The contemporary challenge is to restore the centrality of the human being in the economic process, recognizing the producer as the original source of value, above the money that represents him. True wealth does not reside in monetary accumulation but in production aligned with cosmic order, ethics, and spirituality. When money replaces the human being as the reference of value, imbalance is established, threatening the stability of societies and their institutions.

Therefore, it is urgent to reflect on the role of money not only as an economic category but as a philosophical and spiritual issue. Only then will it be possible to build fairer, more sustainable societies in harmony with the cosmic order.

References

  • Ângelo, Gilson Guilherme Miguel. Filosofia GAESEMA: A Prosperidade ou a Corrupção. (Manuscript, 2025).
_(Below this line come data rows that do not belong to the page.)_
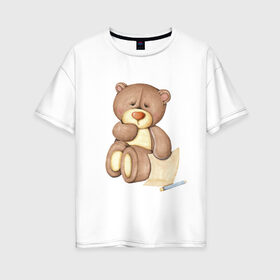 Женская футболка хлопок Oversize с принтом Мишка в Петрозаводске, 100% хлопок | свободный крой, круглый ворот, спущенный рукав, длина до линии бедер
 | акварель | карандашом | косолапый | медведь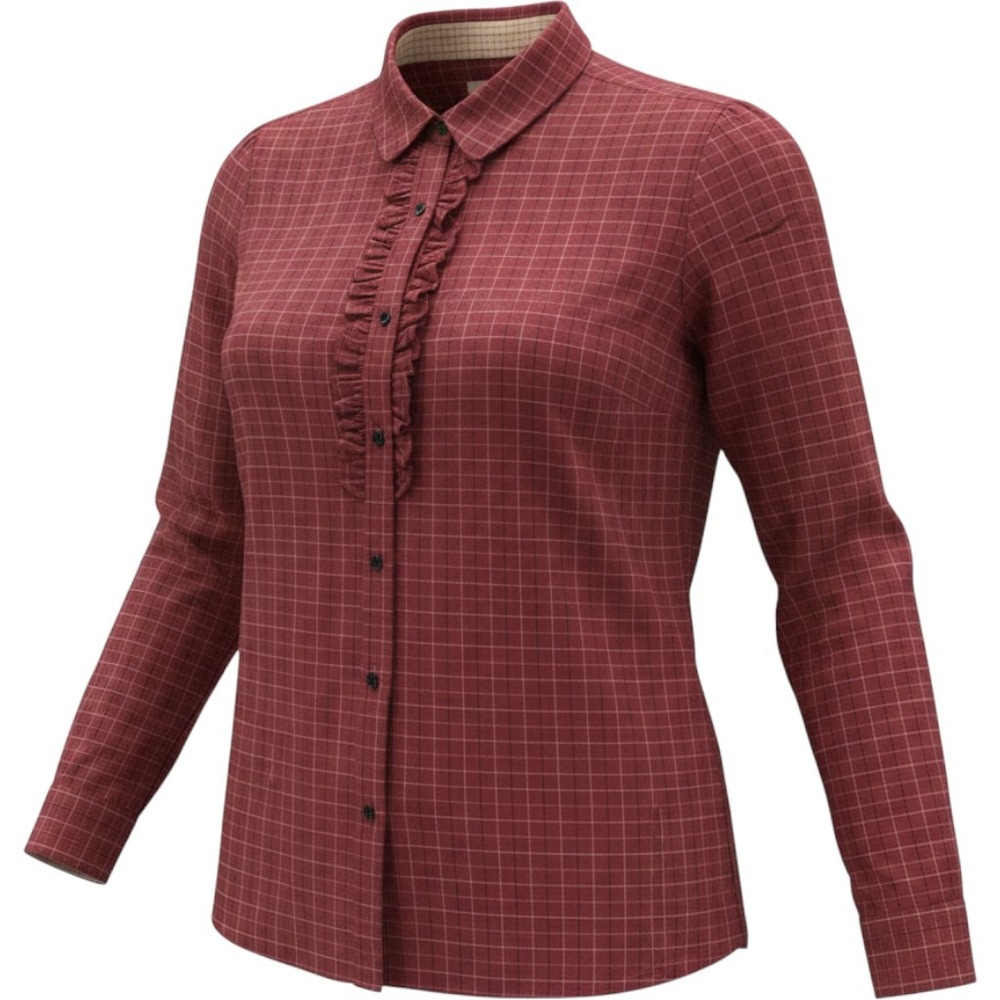 Barbour Tack Wild Ginger Red Plaid Ruffle Front Cotton Blouse Shirt Womens 14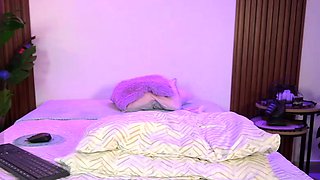 Cute curly brunette solo webcam masturbation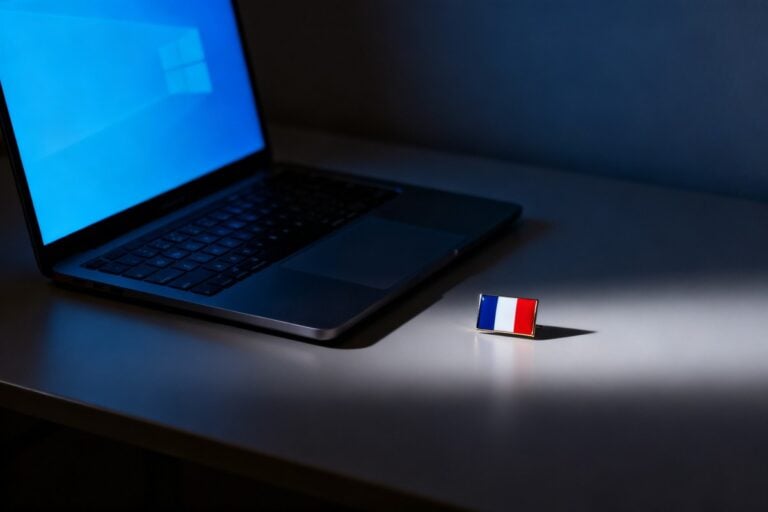 Ordinateur portable à l'écran bleuté dans une pièce sombre, près d'un petit drapeau français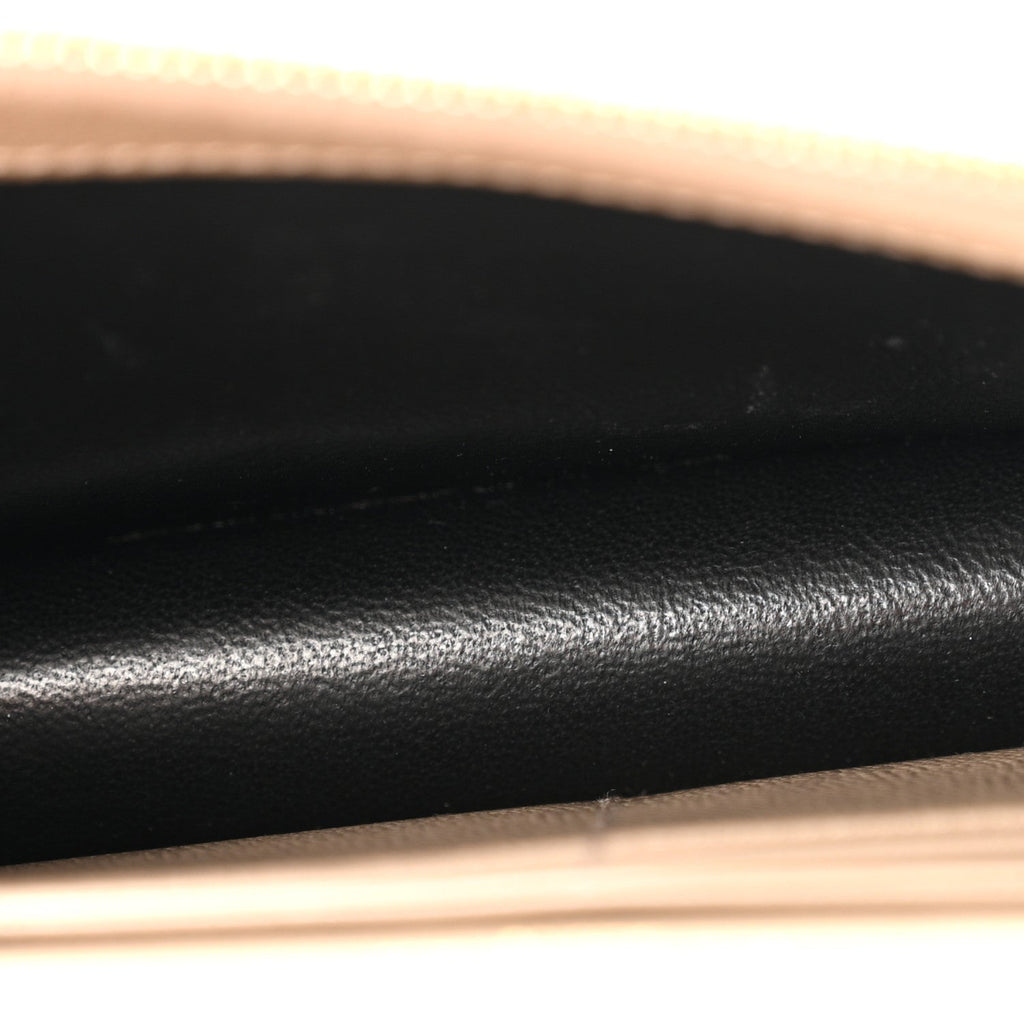 Grain De Poudre Matelasse Chevron Monogram Envelope Chain Wallet Dark Beige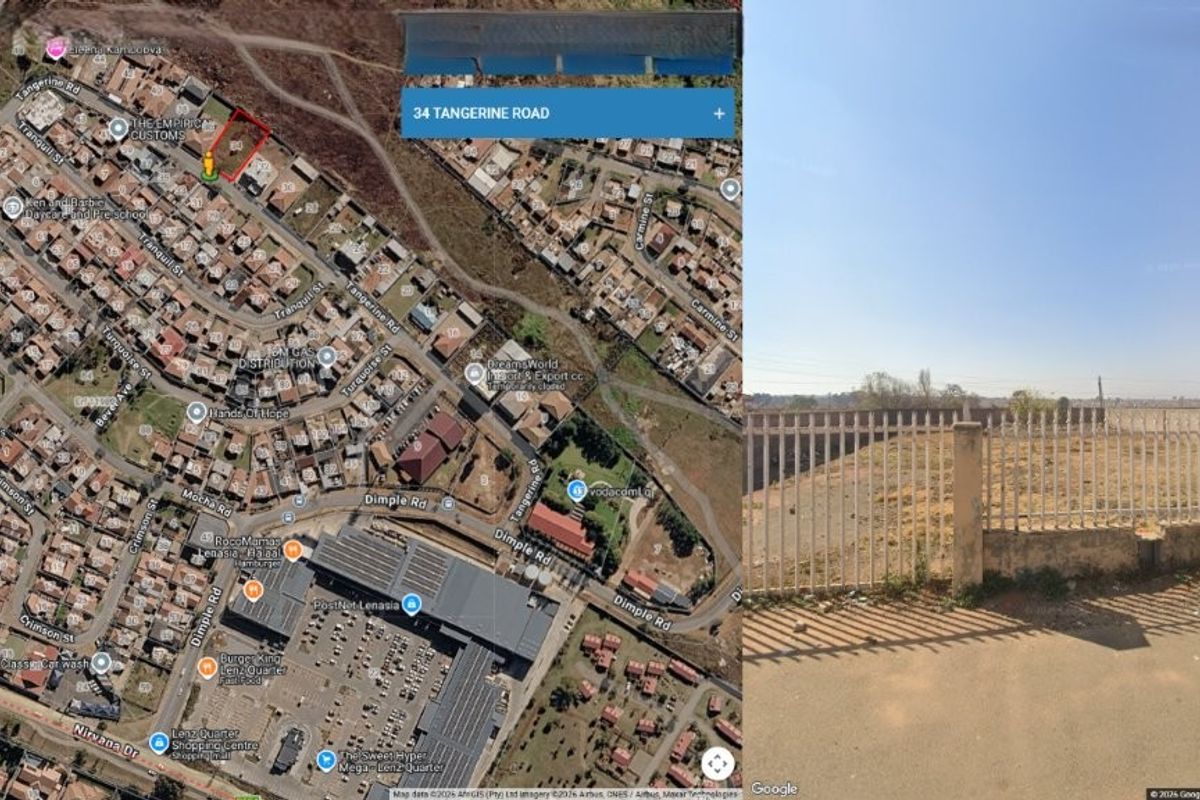 Aerial view and street-level perspective of a vacant residential plot featuring existing perimeter fencing and boundary wall infrastructure.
  • Marx, Karl. Das Kapital: Critique of Political Economy. São Paulo: Boitempo, 2017.
  • Marx, Karl; Engels, Friedrich. The Communist Manifesto. São Paulo: Boitempo, 2010.
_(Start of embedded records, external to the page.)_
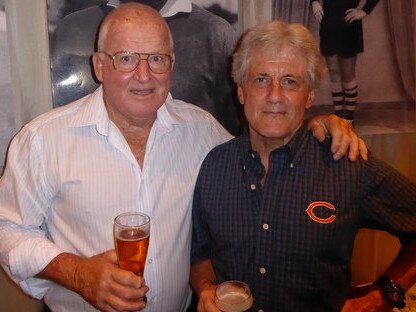 Tim Pickup with another league legend and Western Suburbs Magpies great Noel Kelly, who also lives on the northern beaches.
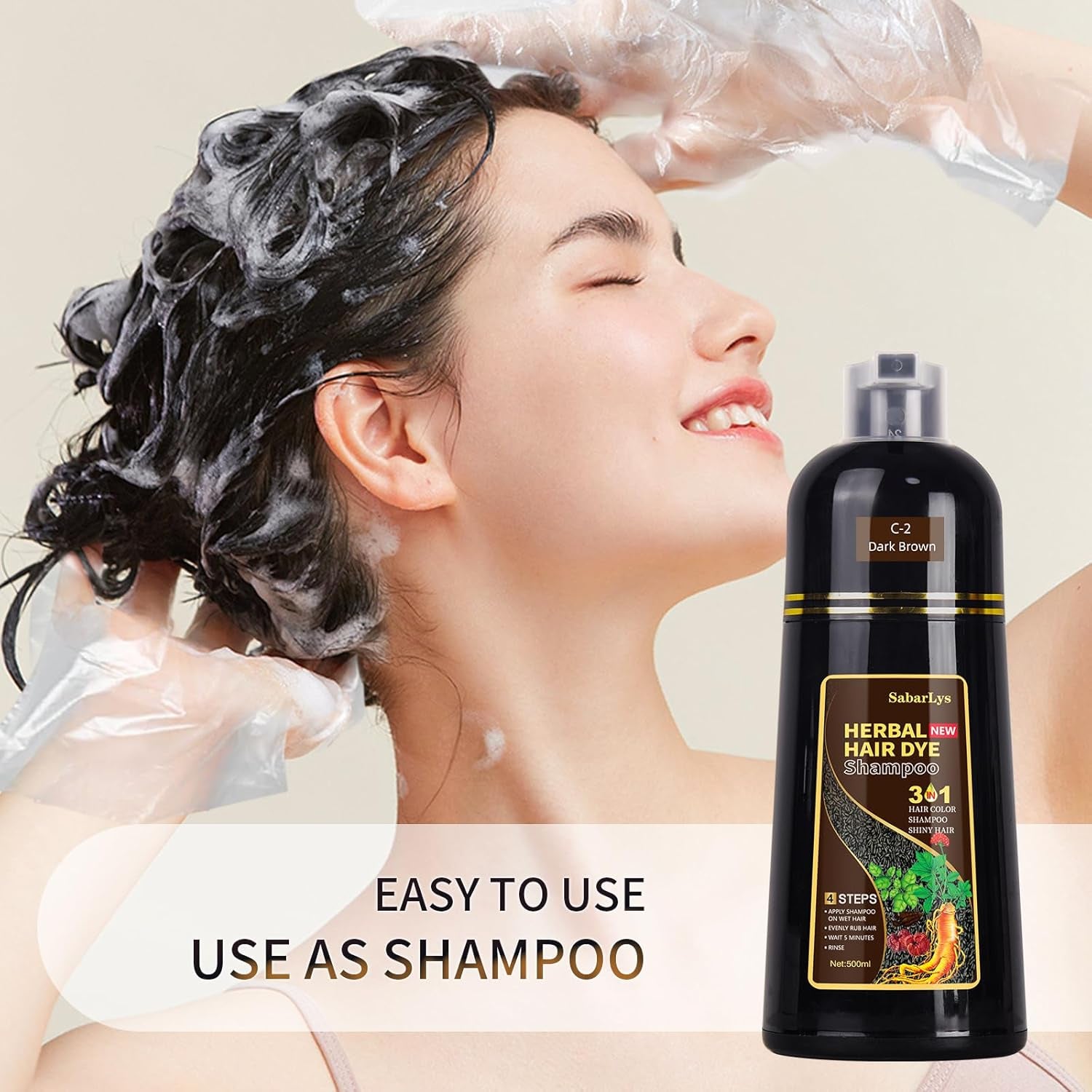Instant Hair Dye Shampoo 3 in 1,Hair Dye Shampoo for Gray Hair Coverage-Herbal Ingredients Hair Color Shampoo,Black Hair Dye-Long Lasting-Coloring in Minutes for Women Men (Dark Brown)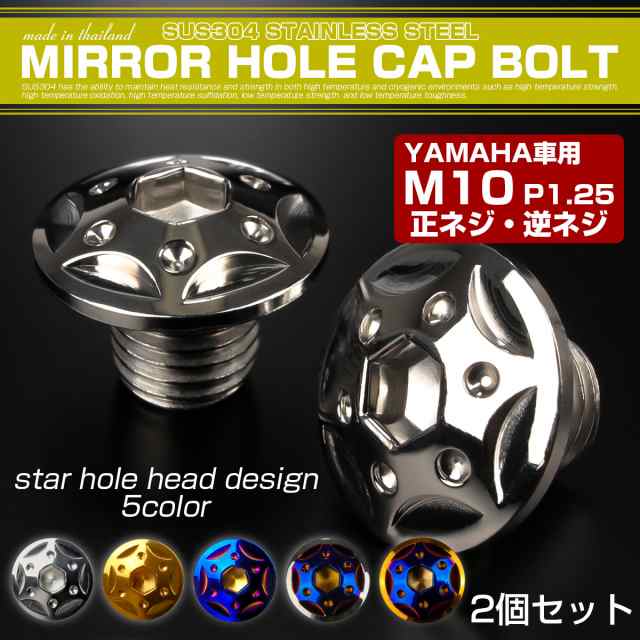 ミラーホールカバーボルト キャップ M10×10mm P1.25 正ネジ 逆ネジ 2個セット ヤマハ車用 スターホールヘッド SUS304 シルバー  TH0183の通販はau PAY マーケット - オートパーツ専門店 EALE | au PAY マーケット－通販サイト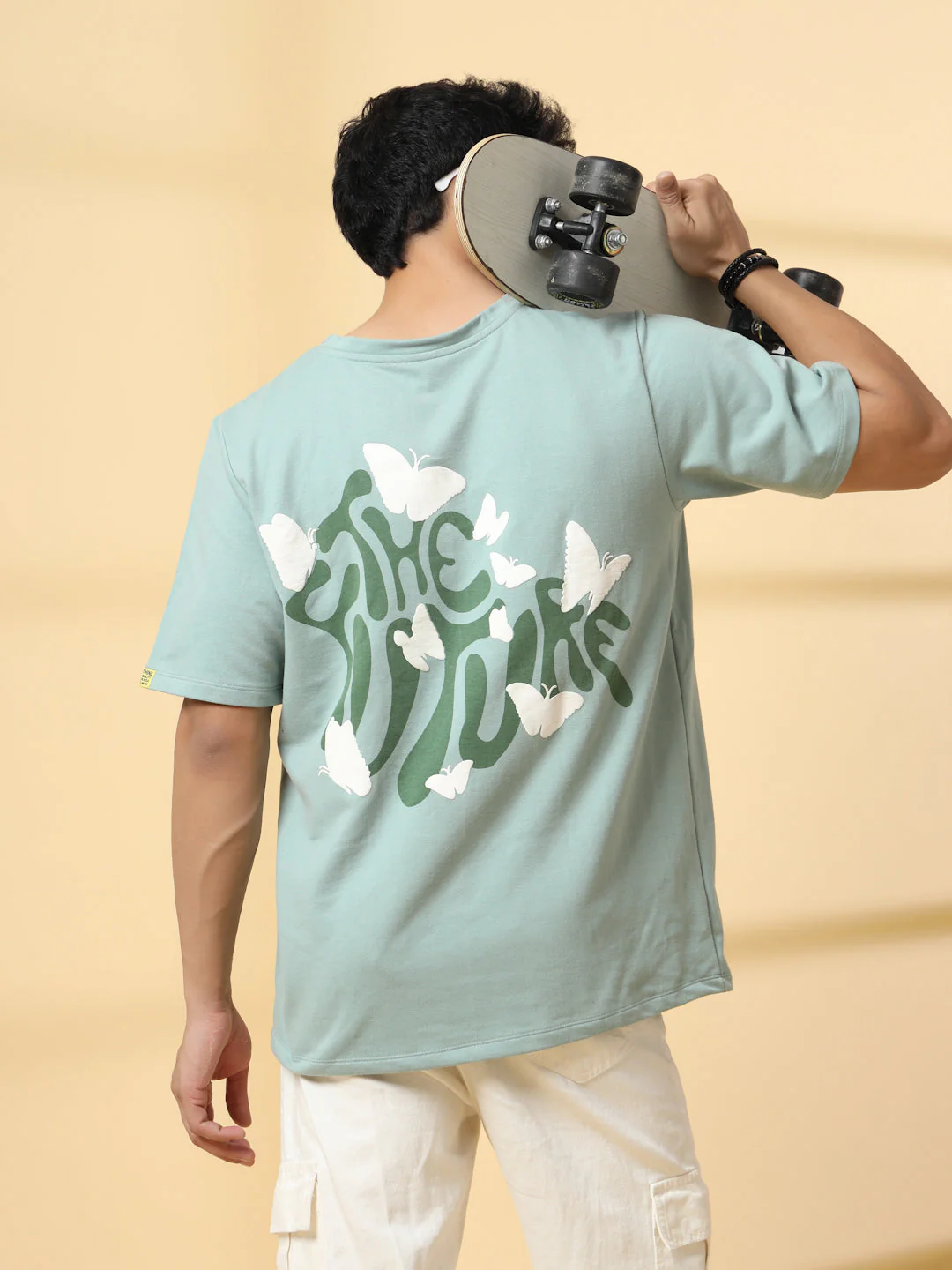 Men Jade Typography Oversized T-shirt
  • Bodin, Jean. Les Six Livres de la République. Paris, 1576.
  • Twain, Mark. Following the Equator. Hartford: American Publishing Company, 1897.
  • Polanyi, Karl. The Great Transformation. Rio de Janeiro: Campus, 2000.
  • Schumpeter, Joseph A. Capitalism, Socialism, and Democracy. Rio de Janeiro: Fundo de Cultura, 1961.
  • Weber, Max. The Protestant Ethic and the Spirit of Capitalism. São Paulo: Companhia das Letras, 2004.
  • Smith, Adam. The Wealth of Nations. São Paulo: Martins Fontes, 1996.
  • Hobsbawm, Eric. The Age of Capital (1848–1875). Rio de Janeiro: Paz e Terra, 1982.
  • Braudel, Fernand. Material Civilization, Economy and Capitalism: 15th–18th Centuries. São Paulo: Martins Fontes, 1996.
  • Keynes, John Maynard. The General Theory of Employment, Interest, and Money. São Paulo: Nova Cultural, 1985.